Further reading: “Nature-Based Solutions”: Making Nature an Ally 

Kiwa is also innovative for the collective determination of its five international partners to combine their efforts to support Pacific Island States and Territories in addressing a common challenge. The project governance ensures a unique space for mutual dialog. This is France's first collaboration for development aid with its Canadian, Australian and New Zealand partners, in line with the French government’s strategy in the Indo-Pacific. Also, the initiative will provide support to regional projects being implemented in island states as well as French territories in the Pacific.  

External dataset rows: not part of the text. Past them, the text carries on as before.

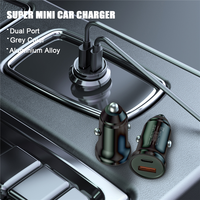 Chargeur de voiture USB C 25W, charge rapide 3.0, chargeur PD type C 20W, charge rapide pour téléphone portable, compatible iPhone Xiaomi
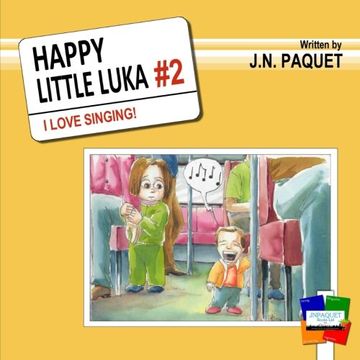 portada Happy Little Luka: I Love Singing!: Volume 2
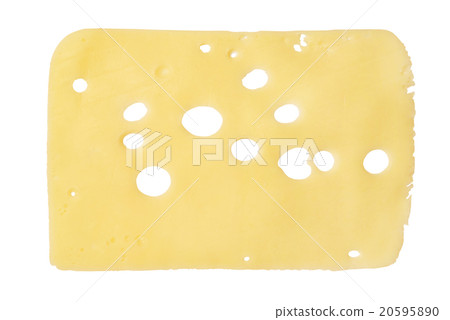 Slice of cheese 20595890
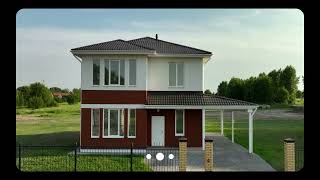 "Щегловка" - новые коттеджи бизнес-класса.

A collaboration unparalleled in scale

To ensure the initiative’s success, it is based on an unprecedented collaboration, launched on November 18, 2020 in Noumea when three financing agreements were signed between AFD, the Pacific Community (SPC), the Pacific Regional Environment Programme (SPREP) and the International Union for Conservation of Nature (IUCN), as part of the 50th session of the Committee of Representatives of Governments and Administrations (CRGA) of the SPC. SPREP and SPC will be the main scientific and technical intergovernmental organizations in the region that will provide support to potential beneficiaries.

The initiative is committed to working at local level with calls for projects being managed by IUCN in 18 Pacific Island States and Territories, as well as at regional level via a help-desk for regional projects, which will be monitored by its Secretariat, located in Noumea within AFD's Pacific Ocean Regional Office. AFD is working on a five-year timeline for the project's implementation.